NEW KENT, Va. (WAVY) — Take a stroll down New Kent Highway and you’ll see the Vaiden Inn.
But take a scroll down Airbnb, and you won’t see it listed.

Airbnb removed the Vaiden Inn listing last June, and as of Monday, it removed the better-known New Kent Ordinary next door as well.

Vaiden Inn owner Jessica Angel had listed with Airbnb ever since she and her mother bought the place in 2017.

“(We listed) right off the bat, as soon as the doors were open,” Angel said in a recent interview.

And then the popular website called her last June.

An Airbnb representative said the company checked census records and independent sources and found evidence that enslaved people both lived and worked on the Vaiden Inn property.

“It is definitely not true that my house was part of this plantation, as they say,” Angel said. “It was not true.”

Still, her bookings started falling.

“I had to explain to [my guests] what happened,” Angel said, “And I had to reassure them that we are 100% inclusive and had nothing to do with these allegations.”

Angel knows about inclusivity.
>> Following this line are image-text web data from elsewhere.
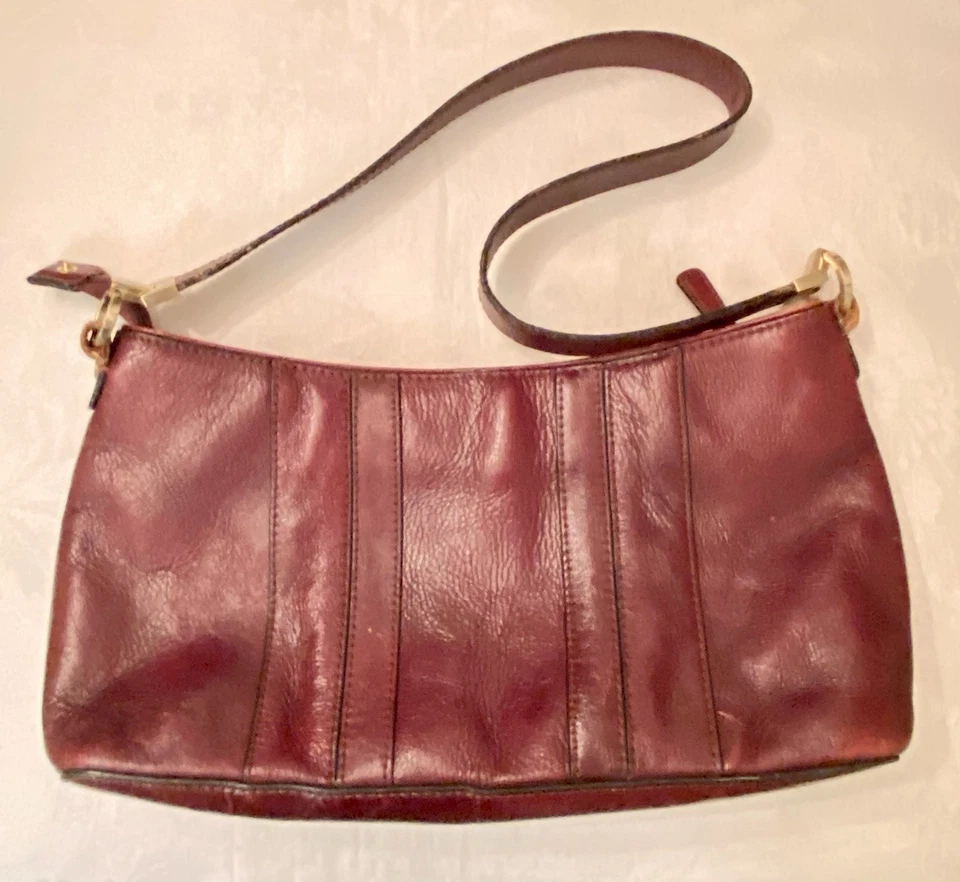 Bolso de hombro Etienne Aigner de cuero sangre de buey correa herrajes dorados antiguos Foto 3 de 4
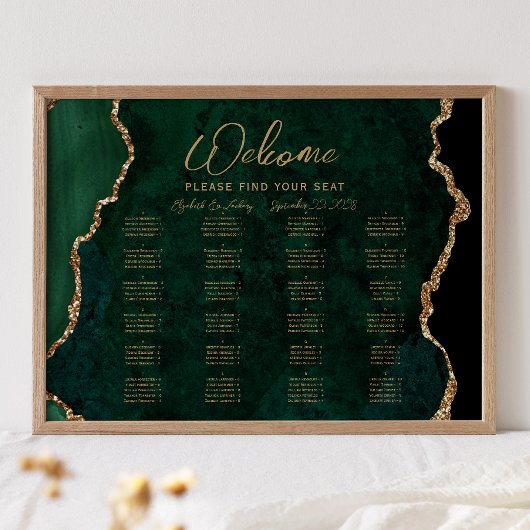 Emerald Green Agate Alfabetical Wedding Seating Se Poster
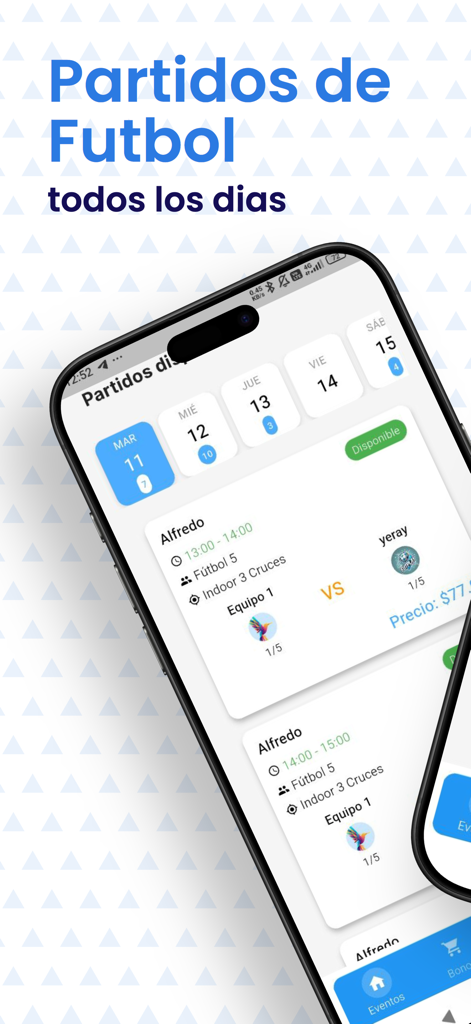 Smartphone displaying the FUTPLAY app schedule for daily soccer matches.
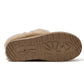 Light Mocha Faux Suede Slippers with Faux Fur Insole - Sole View - Suzy Shier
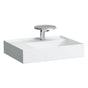 Laufen - Washbasin, shelf left, with concealed outlet, w/o overflow, wall mounted - Glossy White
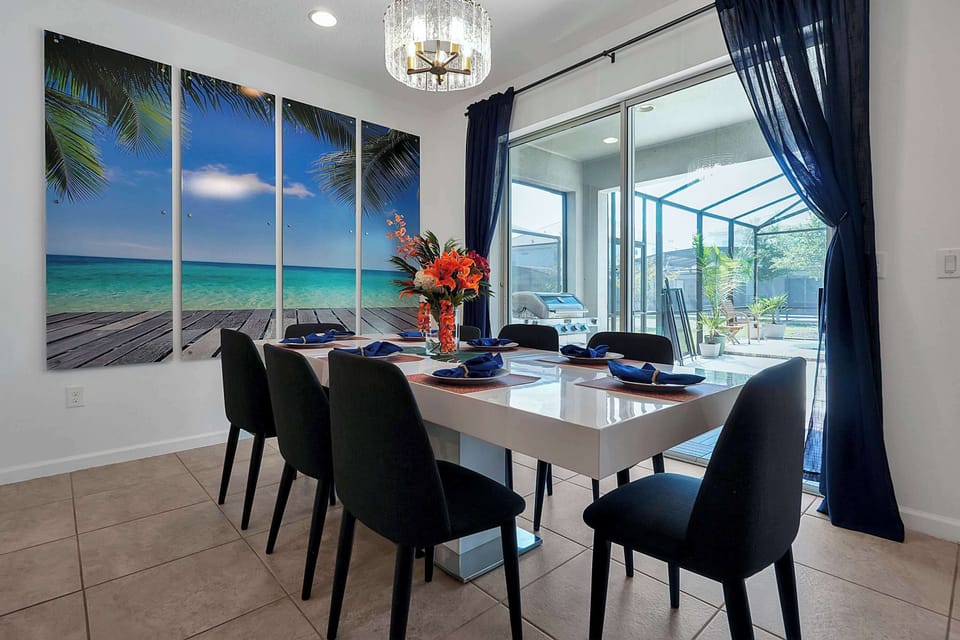 Enjoy elegant dining with stunning poolside views, perfect for memorable meals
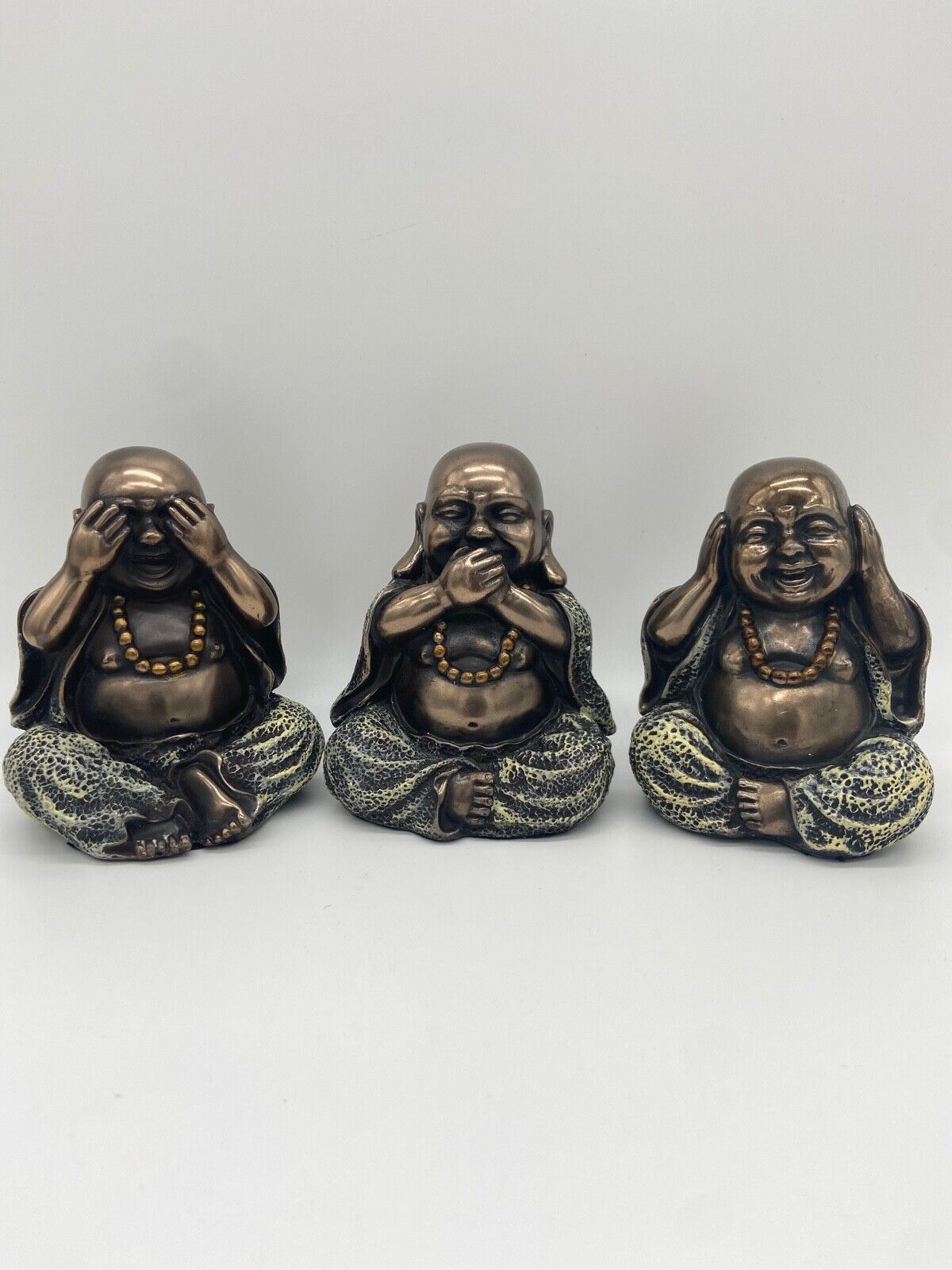 Three Small Wise Buddha Wealth Prosperity Longevity Statues Home Decor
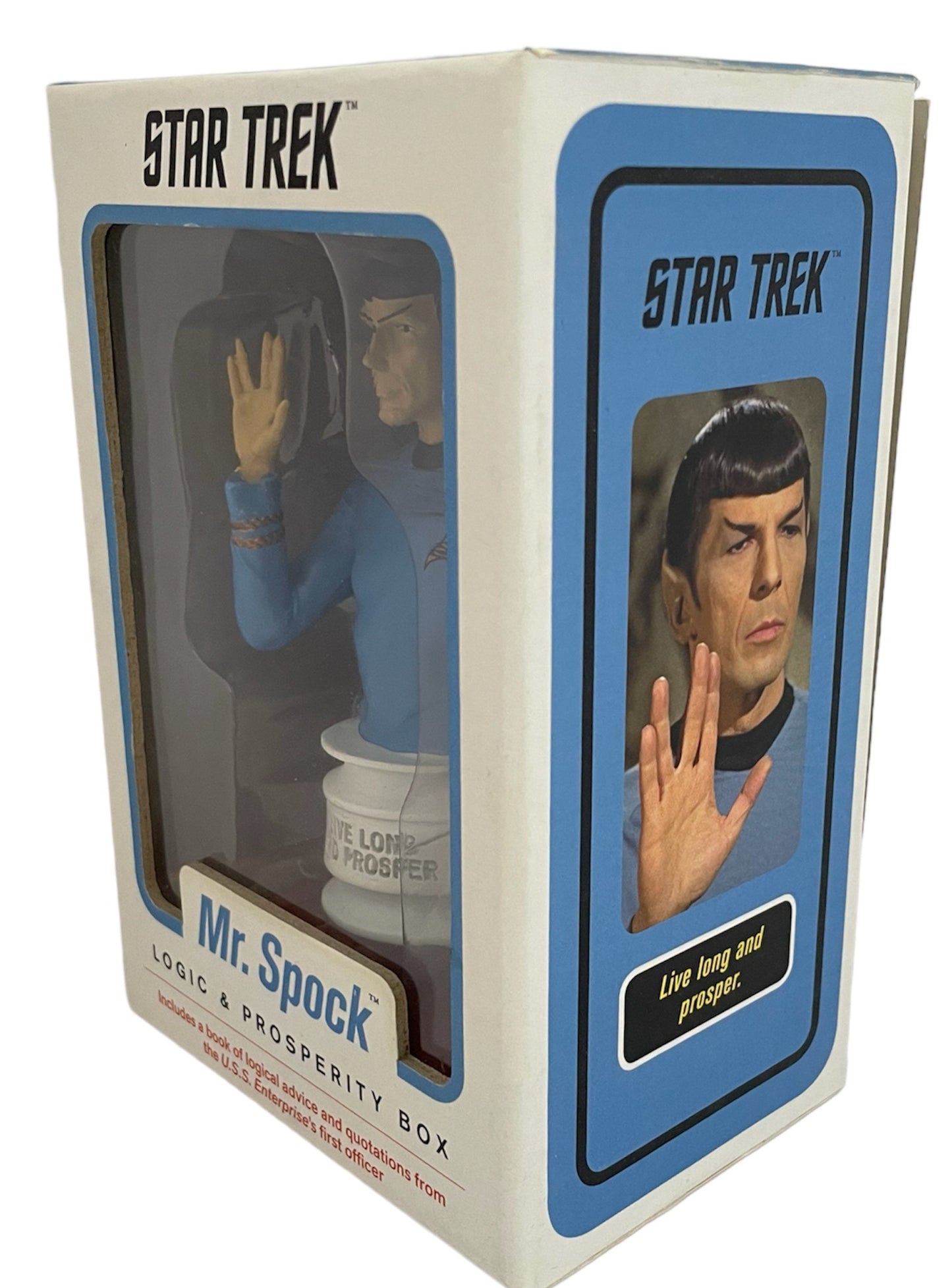 Vintage Star Trek The Original Series 2013 Mr Spock Logic & Prosperity Box - Includes Bust, Display Stand, And 48 Page Book - Shop Stock Room Find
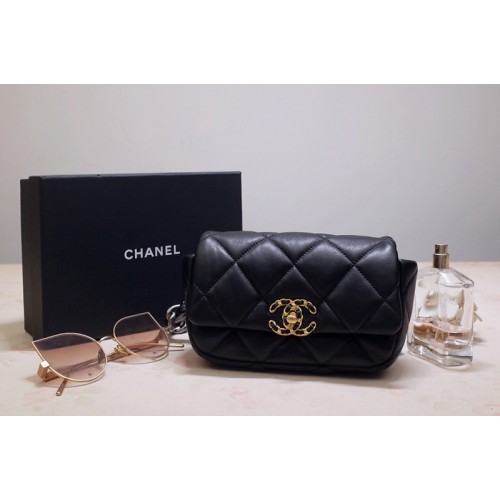 Chanel AS1183 19 Bumbag Bag In Black Goatskin Leather Chanel AS1183 19 Bumbag Bag In Black Goatskin Leather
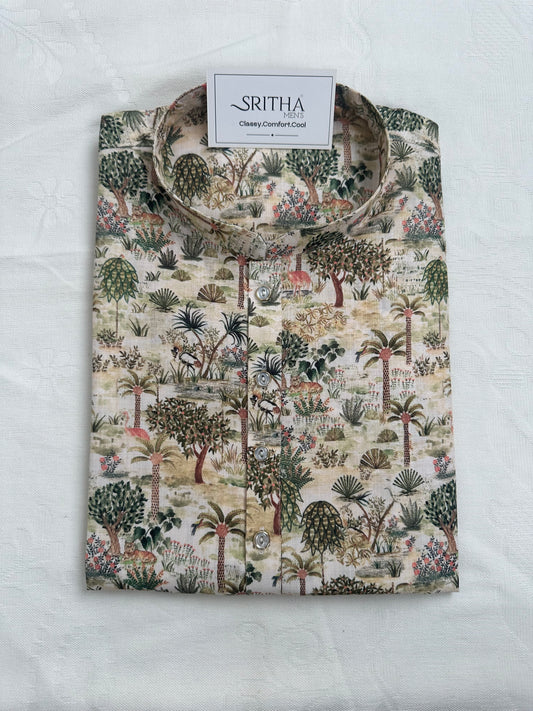 SM0826-01-12 Off White Tree Print Soft Cotton Kurta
The Vaiden Inn is an LGBTQ business.

“I’m all about inclusion and equal rights,” Angel said. “And so it shocked me when she had said that they were going to remove my listing because it violated their new policy.”

Airbnb had lumped Angel together with her next door neighbor, the New Kent Ordinary, saying the adjacent properties directly across the road from New Kent Courthouse were all part of the same land.

The Ordinary, an Old English term for a tavern, predates the Vaiden Inn by nearly a century back to the 1690s.

“I don’t think what happened to (the Vaiden Inn) is right,” said Pamela Radwani, the managing partner of the Ordinary.

Radwani found out Monday that it, too, had been removed from Airbnb, and the company confirmed that to WAVY, citing an “extensive investigation” in line with its policy.

“Our policies prohibit any listings on a former plantation where people who were enslaved lived or worked, if structures that existed during the time of slavery are still present,” an Airbnb spokesperson said in a statement. “We also prohibit the promotion of slavery-related elements as part of a listing description. The listing advertised an original slave quarters on the property.”

Angel responded to those claims in a Monday email.

“It was falsely believed that a structure on the property was a ‘slaves quarters,'” Angel said. “When I invested in the property in 2017, the description of the property and historic area surrounding included the wording ‘slaves quarters.’ So that was the wording in 2017 until I became the sole proprietor of Vaiden Inn in 2021.

“Shortly after, I completely took down the website, created a new website, and changed all listings for Vaiden Inn, removing any wording that even suggested there were ever enslaved people on or adjacent to Vaiden Inn. I did not want Vaiden Inn to be associated with that part of history and I had proof that the property did not have that part of heinous history.”

But Airbnb’s policy for removal is broader than just “slave quarters.” It can remove a listing if any structure — shed, pumphouse, etc. — that predates the Civil War remains on the property, if that property has ties to slavery.

An Airbnb spokesperson said the policy prohibits “any listings on a former plantation where people who were enslaved lived or worked, if structures that existed during the time of slavery are still present” and the removals of the Vaiden Inn and the New Kent Ordinary resulted from intensive investigation.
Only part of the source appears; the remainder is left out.